New home sales in July fell to their lowest level since January 2016 as the industry grapples with supply chain disruptions that are delaying new home building projects and raising housing costs as mortgage interest rates increased. The U.S. Department of Housing and Urban Development and the U.S. Census Bureau estimated sales of newly built, single-family homes in July at a 511,000 seasonally adjusted annual pace, which is a 12.6% decline over downwardly revised June rate of 585,000 and is 29.6% below the July 2021 estimate of 726,000.

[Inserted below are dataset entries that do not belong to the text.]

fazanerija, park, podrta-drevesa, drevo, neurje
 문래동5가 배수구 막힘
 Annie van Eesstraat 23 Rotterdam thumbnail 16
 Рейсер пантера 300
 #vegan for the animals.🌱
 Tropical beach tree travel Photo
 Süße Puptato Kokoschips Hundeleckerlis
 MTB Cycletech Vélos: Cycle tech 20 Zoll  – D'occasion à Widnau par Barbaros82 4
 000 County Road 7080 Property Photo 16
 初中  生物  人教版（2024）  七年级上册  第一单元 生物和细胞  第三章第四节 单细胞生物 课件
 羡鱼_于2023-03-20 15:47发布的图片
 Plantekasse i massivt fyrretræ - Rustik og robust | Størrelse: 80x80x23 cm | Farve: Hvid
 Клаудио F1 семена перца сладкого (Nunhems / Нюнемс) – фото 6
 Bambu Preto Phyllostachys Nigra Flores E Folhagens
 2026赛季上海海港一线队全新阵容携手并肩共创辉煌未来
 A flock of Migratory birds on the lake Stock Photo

Sales-adjusted inventory levels are at an elevated 10.9 months’ supply in July. However, only 45,000 of the new home inventory is completed and ready to occupy. This count has been going up in recent months and is up 40.6% compared to a year ago. Moreover, sales are increasingly coming from homes that have not started construction, with that count up 22.6% year-over-year, not seasonally adjusted (NSA). The median sales price increased to $439,400 in July, up 5.9% compared to June and is up 8.2% compared to a year ago.
Nationally, on a year-to-date basis, new home sales are down 15.7% for the first seven months of 2022. Regionally, on a year-to-date basis, new home sales fell in all four regions, down 14.9% in the Northeast, 26.5% in the Midwest, 13.4% in the South, and 15.7% in the West.